Growth of Big Data Analytics in India

R. Chandran, Chief Technology Officer, Bahwan CyberTek

A consequence of the ‘new digital normal’ is the explosion of data. Big data is no longer a buzzword. It has come of age. Customer-centric enterprises are deploying big data analytics, AI, and ML to process gigabytes of data for improved efficiency, targeted selling and better user experiences. But what does this mean for India?

India’s digital edge

McKinsey report identified India as the second-fastest digital adopter when compared to 17 other economies including the US, UK, Brazil and China. According to a brand evaluation firm, six Indian brands feature among the top 10 fastest-growing IT services brands. Competitive data prices, accessible smartphones and low-cost, high-speed internet catalyzed the ‘Digital India’ movement much before the pandemic, giving us a head start. The pandemic, however, paved the way for customer-centric enterprises to expand deeper into geographies and cater to demands from tier 2 and tier 3 cities. According to this 2021 Deloitte report, the share of e-commerce sales volumes of India’s tier 2 and 3 cities increased to 46%. Increased sales also led to the increased usage of digital payment platforms. 

Increased digitization and proliferation of new platforms are creating avenues for data to flow in from various touchpoints like mobiles, websites, digital apps, location data, credit card transactions and videos to name a few. This pile of unknown data is increasingly becoming a valuable asset for enterprises – helping them make precise decisions and staying a step ahead of customer needs. 

How big data unlocks value

The hype cycles for big data analytics have finally come to an end. Even enterprises that were dragging their feet are now accelerating at a rapid pace to realize their analytics goals. According to an IDC report, global spending on big data and analytics solutions was forecasted to reach $215.7 billion in 2021. There are staggering amounts of data being accumulated as you read this paragraph. A single minute packs over 100,000 Microsoft Team connects, 6 million shoppers online, and 65,000 photos on Instagram. How can B2B firms capitalize on the data flowing in from the touchpoints? Why is it imperative to invest in big data analytics? Here are a few benefits:

  • Better customer experience – Big data can be used to take your products and services where your customers are using their preferred channel. Targeted, result-oriented campaigns have replaced expensive ambiguous marketing campaigns. Big data analytics uses customers’ past purchase history and predicts behaviour by analysing browsing behaviour and point-of-sale transactions. These insights offer personalized shopping experiences making customer journeys engaging and effective.
  • Create new products/services – A report in 2019 said 47% of companies felt big data has changed the nature of competition. Predictive and prescriptive analytics will help enterprises sift through vast amounts of data and track the customer journey, feedback, behaviour, product success, to evaluate the progress of existing products and create new revenue streams.
  • Risk aversion – Risk management is an essential core competency and a differentiator. Threats can be in any form – financial liabilities, management errors, accidents, operational crisis, natural disasters, or like the pandemic – a healthcare crisis. Big data analytics helps enterprises identify, evaluate, assess, and control the above liabilities that threaten business continuity and affect earnings. 

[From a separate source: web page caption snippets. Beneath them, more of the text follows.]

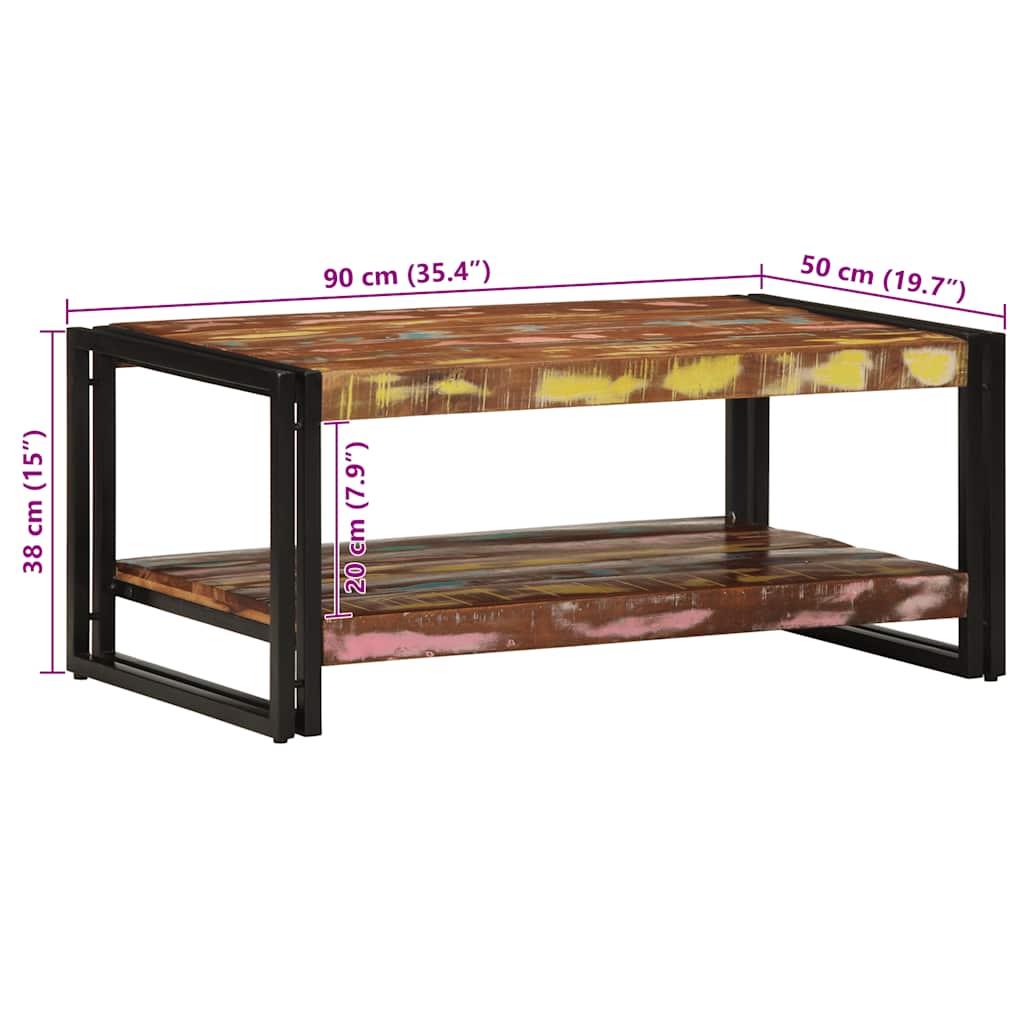 Salontafel 90X50X38 Cm Massief Gerecycled Hout Meerkleurig Multikleur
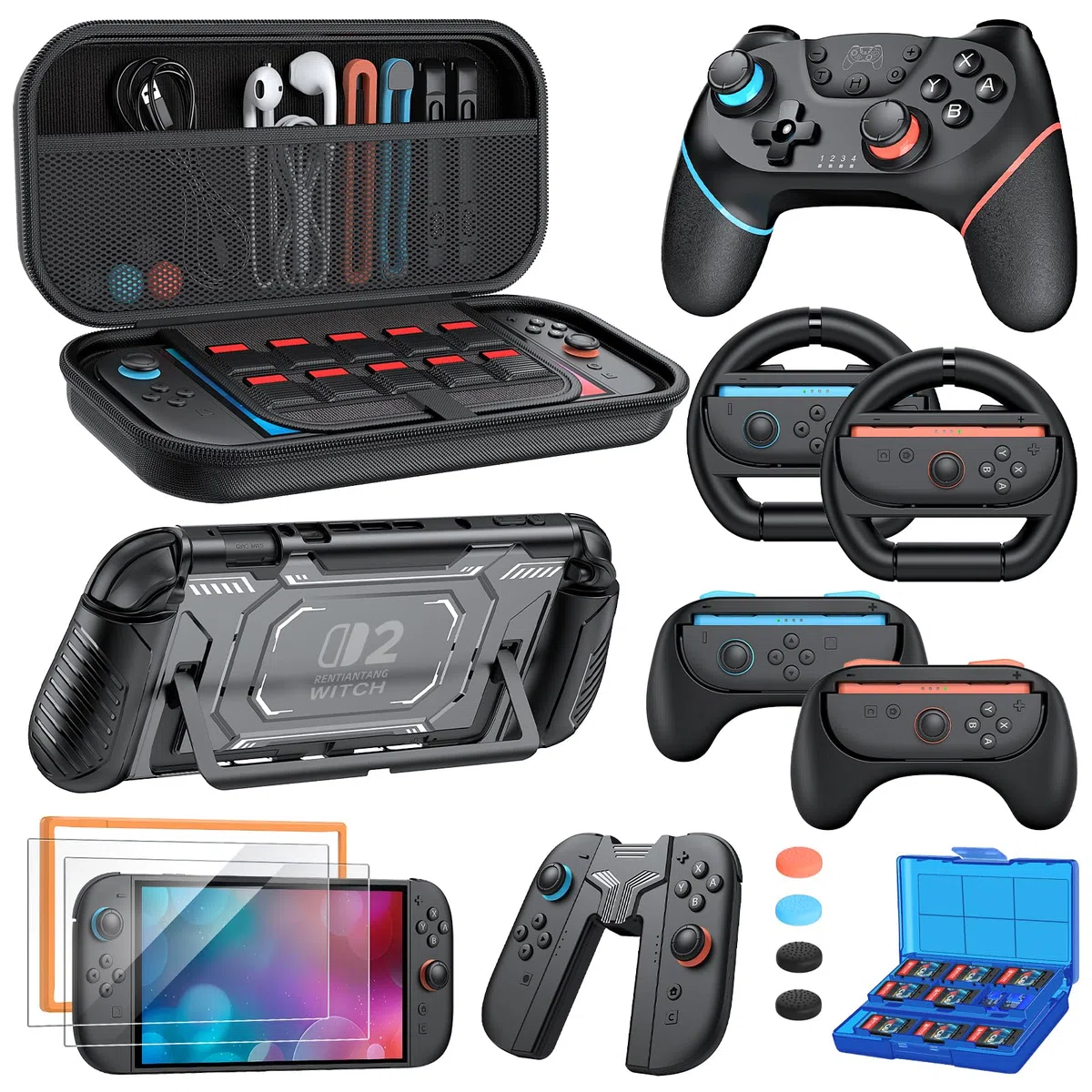 Switch 2 Pro Controller Accessori Bundle per Nintendo Switch 2, kit 17 in 1: controller wireless, borsa per il trasporto, volanti, maniglie per JoyCon, custodia protettiva per console Nintendo Switch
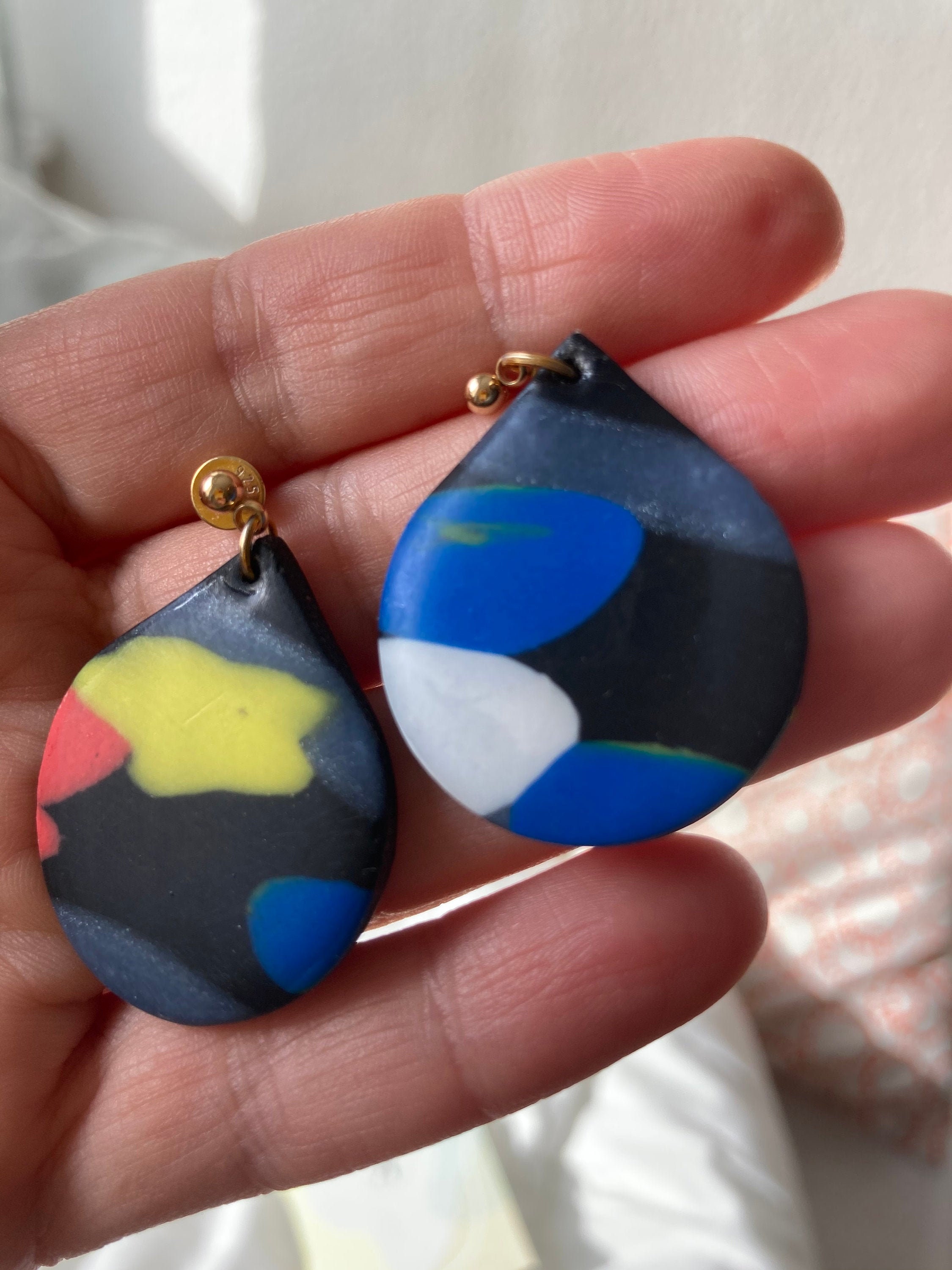 Funky earrings splash of colour Etsy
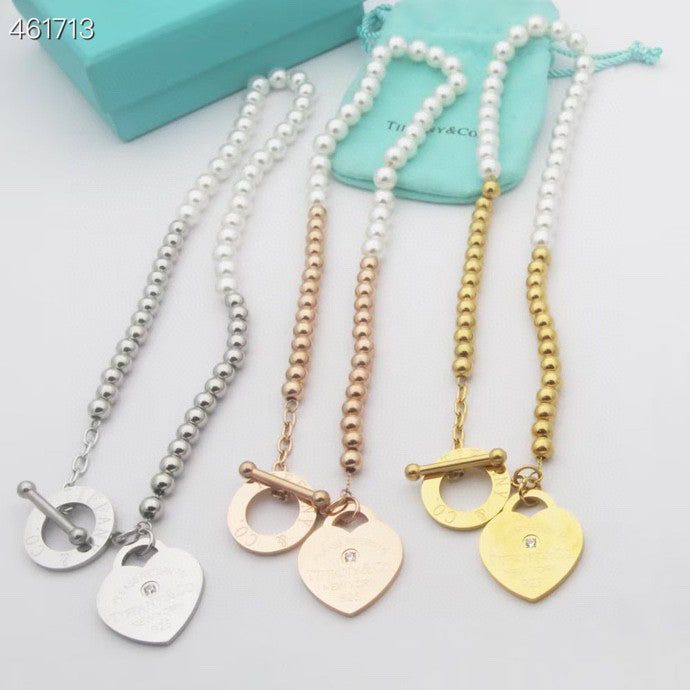 [Dawnora Jewelry]RETURN TO TIF HEART TAF BEAD PEARL BRACELET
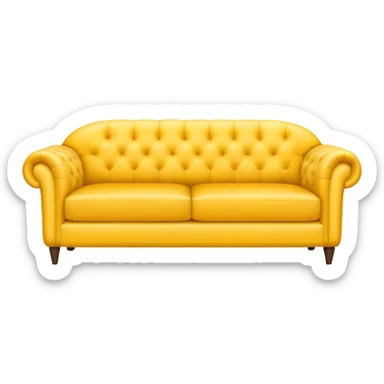 Yellow sofa, without any cushions. sticker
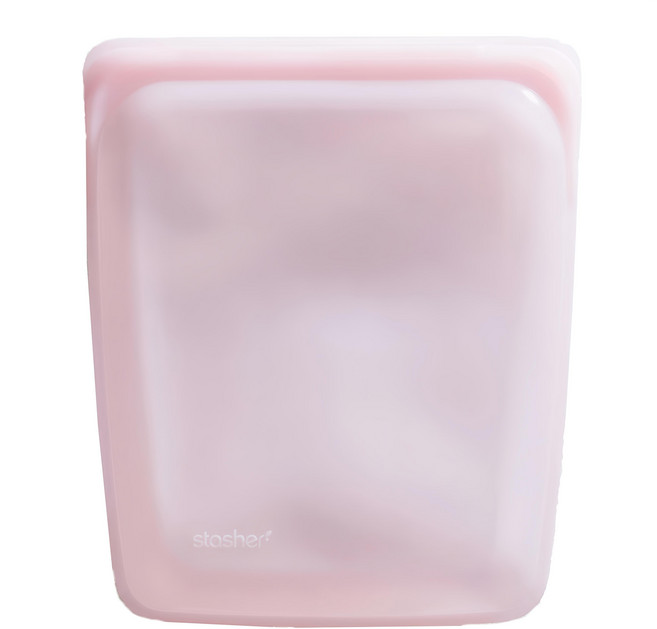 stasher 大長形矽膠密封袋, 21.59 x 26.03 x 3.81cm, 粉紅色, 1入, 1個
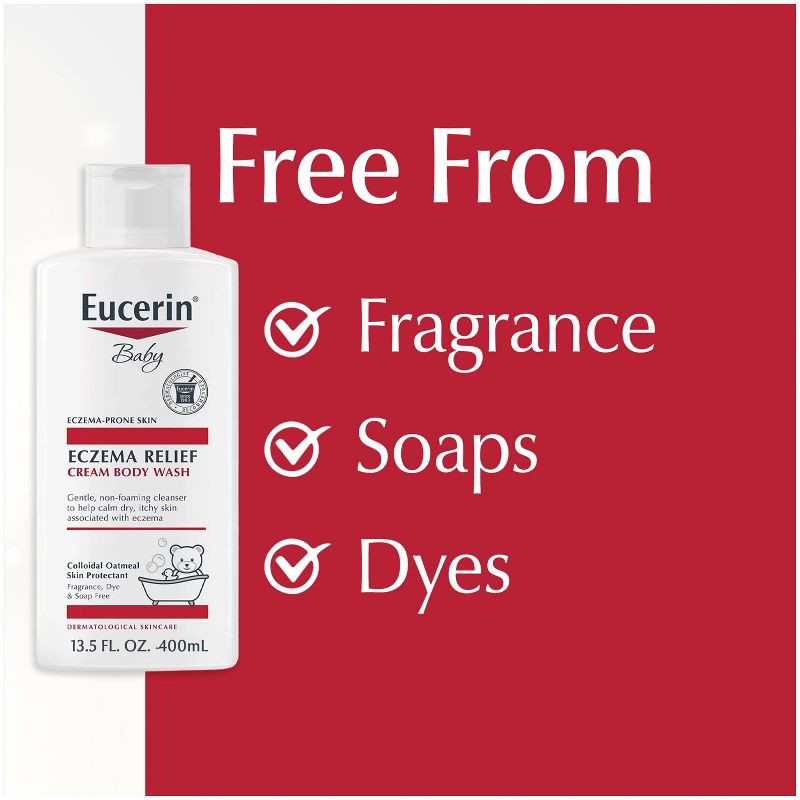 slide 7 of 17, Eucerin Baby Eczema Relief Cream and Body Wash Gentle Cleanser - 13.5 fl oz, 13.5 fl oz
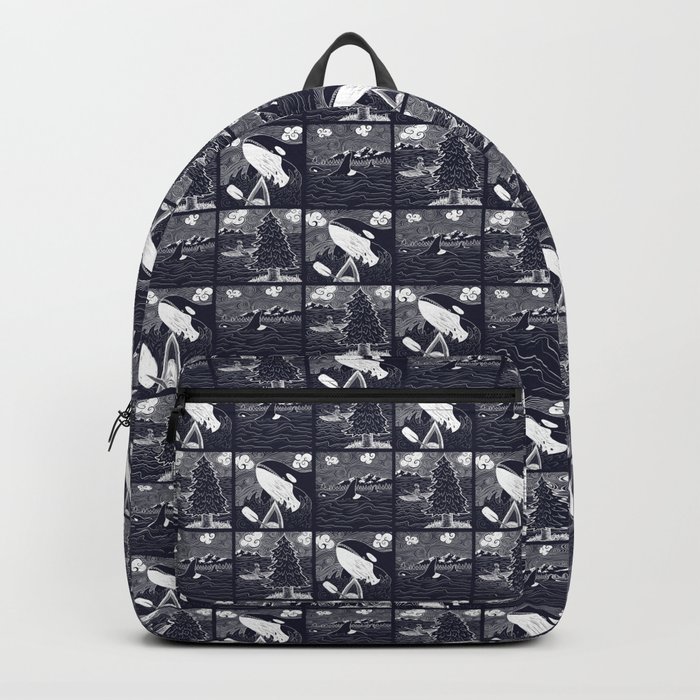 Orca Encounter Digital Block Print Backpack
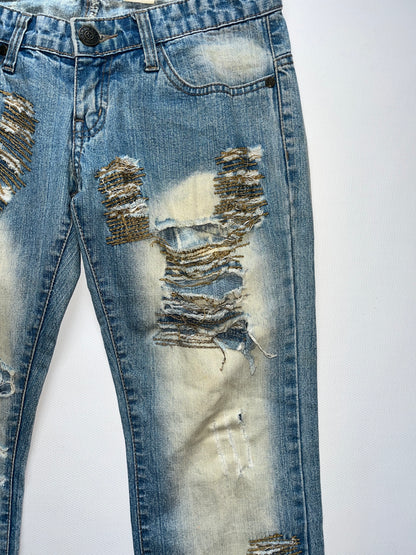 Low Waist Bootcut Jeans distressed in denim hellblau, S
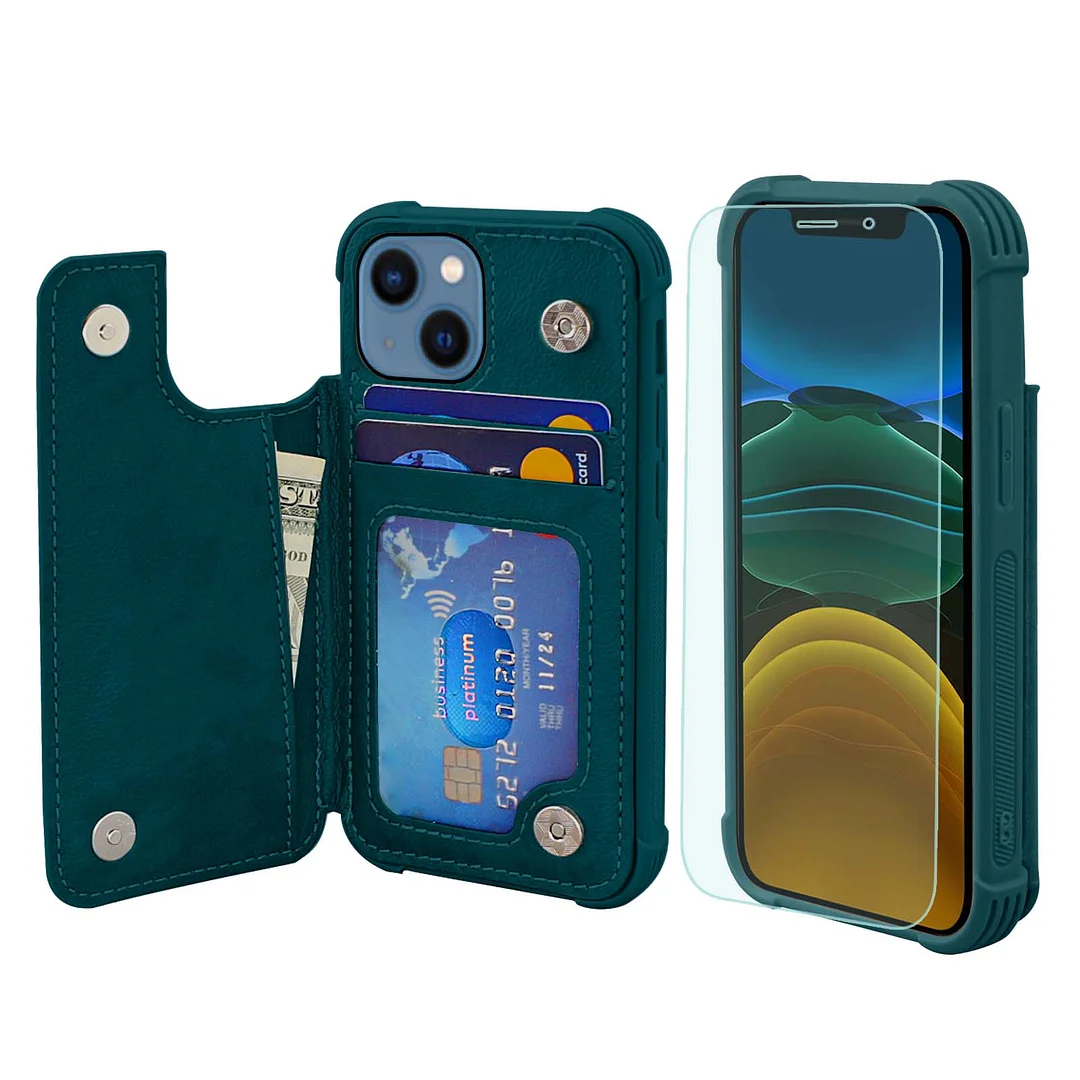 VANAVAGY Wallet Case for iPhone 13 Wallet Case for magnetic car mount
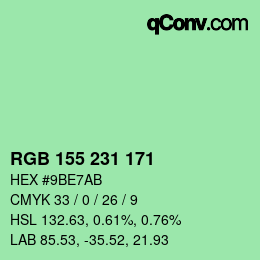 カラーコード: RGB 155 231 171 | qconv.com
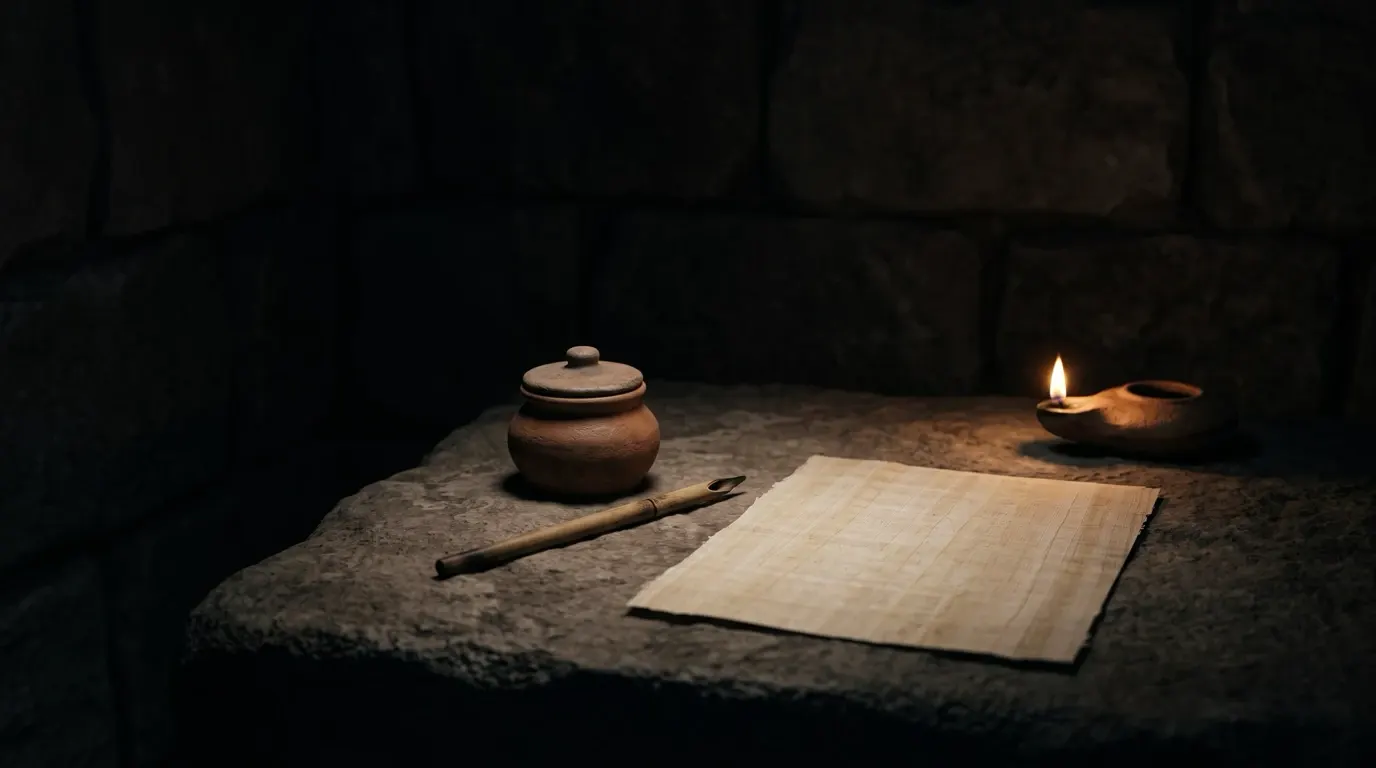 A reed pen, an ink jar and a blank sheet of papyrus set aside on a stone ledge beside a clay lamp.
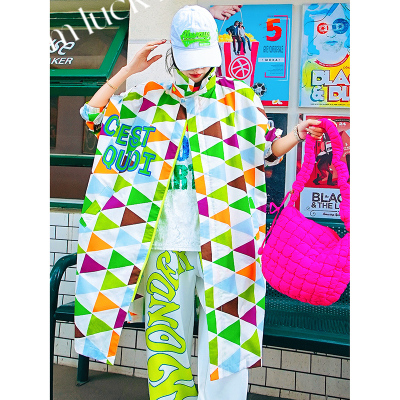 彩色字母方块休闲衬衫防晒衫风衣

Unlocking value across sectors

In the current data-intensive ecosystem, intelligent data curation and evaluation promote effective impactful decision making. Across industries, big data is making enterprises smarter and more efficient. 

  • Energy - Big data analytics, AI, ML, and Deep learning provide 360 views of remote assets for energy firms. Sensors across these assets gather data points to sense disruptions, predict performance, and sustain deliverables. Remote monitoring and big data analytics have optimized performance and saved costs across energy parks, facilities, and geographies.
  • Banking – AI-based predictive analytics provides immunity for financial institutions. Big data-based early warning systems help banks identify potential threats much before the default, preventing huge losses. Using analytics, banks can manage entire risk portfolio that includes credit risk, capital allocation, pricing risk, liquidity risk, model risk, and operational risk.
  • Telecom – There is an exponential pace of growth in the telecom space, thanks to the onset of 5G. Communication Service Providers use big data analytics to optimize the network, enhance security, and respond to customers in real-time. Sophisticated data analytics simplifies the data infrastructure to collect and analyze data from millions of users in real-time.  

Big data analytics is playing an important role in making enterprises customer-centric. Across sectors across different sizes, enterprises are striving towards data simplification – a key business priority in 2022. Intelligent data extraction will determine leaders and laggards in the coming months.